There is a Zen story of a master who stands with his eyes closed and yet catches a falling object while those wide eyed around him have not yet perceived the object’s fall. He is in the moment and completely attentive.

Ruth M. Buczynski, PhD, president of the National Institute for the Clinical
Application of Behavioral Medicine
, recently talked about how to rewire your brain to improve willpower. A March 23, 2015 article in Medscape discussed a study in Sydney, Australia that looked at nine modifiable triggers for low back pain. The leading trigger is distraction while performing a task or activity.

What do willpower and distraction have in common? Both are associated with losing focus. How can we practice focus and get better at it? Buczynski suggests a simple breathing exercise for five minutes a day. Simple does not mean easy, however. Many people give up mindfulness or meditation because of a racing mind.
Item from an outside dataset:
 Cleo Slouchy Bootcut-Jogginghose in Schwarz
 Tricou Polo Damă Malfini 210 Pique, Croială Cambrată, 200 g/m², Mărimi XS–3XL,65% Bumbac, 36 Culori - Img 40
Buczynski recommends just focusing on your breath, and when thoughts come into your mind (as they inevitably will) just acknowledge them and return to breathing. You can focus on the sound of the air as it flows in and out or the temperature of the air or whatever works for you. The important thing is, return to focusing on the breath. It gives you practice for staying on task, and returning to the task when you wander.

Any time I work with someone who has issues with anxiety and stress, we start with the breath. Slowing your breathing and breathing abdominally does many good things for you – lowers blood pressure and heart rate, lowers stress hormones and in doing so lowers blood sugar and redirects blood flow to the organs. You are balancing your sympathetic and parasympathetic nervous systems.

So if you want to feel better and more balanced mentally, emotionally, and physically, start just focusing on breathing to your abdomen slowly and mindfully. You will improve your willpower and your focus. Paying attention to where you are now can also save your back.